Publié le 22 septembre 2013 par Antropologia

L’école de la vie,  dit-on !

C’est l’heure… Les trois compères de travail se sont donné rendez vous devant le massif lycée de briques rose et pierres de taille. Chacun est venu avec sa chacune, sa copine ou… sa mère. Heureux de se retrouver même pour cette ultime sanction. Regards pétillants et fébriles…Ils ont tant travaillé ensemble pour cela.

Ils rentrent… Sans réel intérêt de l’extérieur, la bâtisse est plus élégante à l’intérieur avec sa cour d’honneur bordée d’une galerie à arcades. La cérémonie est prévue dans la cour d’honneur où les membres du jury sont déjà installés. Sagement les gens pénètrent dans l’enclos et se placent autour du jury. Les graviers crissent sous les pas, les roses des buissons égaient l’ambiance qui s’alourdit au fur et à mesure que le silence s’installe.
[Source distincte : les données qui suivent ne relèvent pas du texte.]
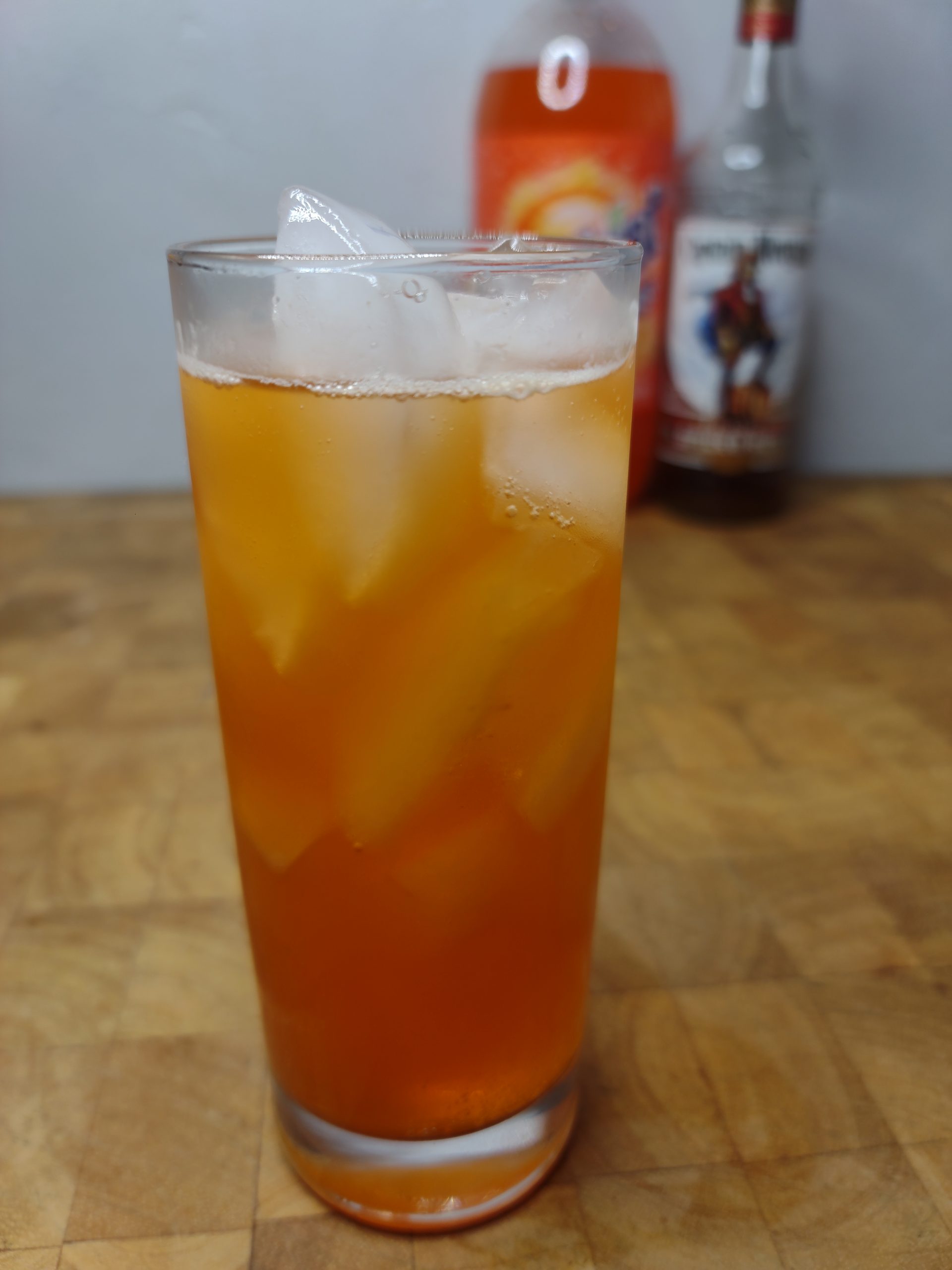 rum and orange soda in a highball with ingredients in the background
Ils attendent les derniers retardataires… le président du jury… introduit cette nouvelle cuvée d’agrégés de lettres modernes… Une très bonne cuvée… des notes très exceptionnelles… et commence à déclamer les noms…
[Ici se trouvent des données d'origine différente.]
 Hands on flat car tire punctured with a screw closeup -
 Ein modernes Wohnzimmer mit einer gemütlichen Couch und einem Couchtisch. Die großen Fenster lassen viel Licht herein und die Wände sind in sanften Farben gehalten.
Drôle de scène de sentir la tension monter, les visages se crisper ou se détendre. Les uns s’exclamer ou pleurer de joie, les autres serrer la mâchoire au fil des noms et finir pour certains à lâcher un râle ou un sanglot.

Jeanne, le visage tendu vers le jury, garde un semblant de calme… son cœur prêt à s’arrêter… attend…  elle réussit à sourire et se retourner à l’annonce du nom de sa commère, jeter un œil furtif sur l’autre compère qui le lui rend avec un maigre sourire… et la litanie s’étire… dure… Jeanne… mais pas la bonne… Samuel… mais pas le bon. Une éternité !!!!

Marie Rose si heureuse à l’annonce de son nom… reste toujours aussi tendue, attendant la suite… pour se réjouir vraiment. Quel drôle de mélange dans l’air… qui devient aussi plombé pour les uns qu’il est léger pour les autres. D’autant plus léger qu’il s’accompagne de l’annonce de ses merveilleuses moyennes obtenues par le peloton de tête… Vraiment une magnifique promo… reconfirme le président. Cinglant coup de grâce pour les perdants !!

Mais là, même les joyeux n’osent plus l’être vraiment à côté de ceux qui baissent maintenant la tête tachant de déglutir pour faire passer la boule au fond de leur gorge.

L’audience se disloque avec peine… La vie reprend ses droits. Deux ou trois recalés balayent l’affaire d’un geste de la main : « passons à autre chose ! », Samuel sourit et pense déjà à se réinscrire l’année prochaine pour ne pas perdre la main… Déjà il embarque Jeanne dans son bateau… « Et cela, année après année avant de le retenter par la voie interne s’il le faut, Jeanne !! » Jeanne ne dit rien, ou pas grand-chose. Elle se réjouit de la nomination de ses deux copines et surtout de sa commère aux larmes et sourire mêlés… Qu’y a-t-il à dire de plus ? Règne entre eux une grande pudeur. Comme les sportifs chacun sait qu’il aurait pu être de l’autre bord… Tous de sacrés bons joueurs !!

Samuel sort son portable et sonne le deuxième round : le moment… d’annoncer aux autres…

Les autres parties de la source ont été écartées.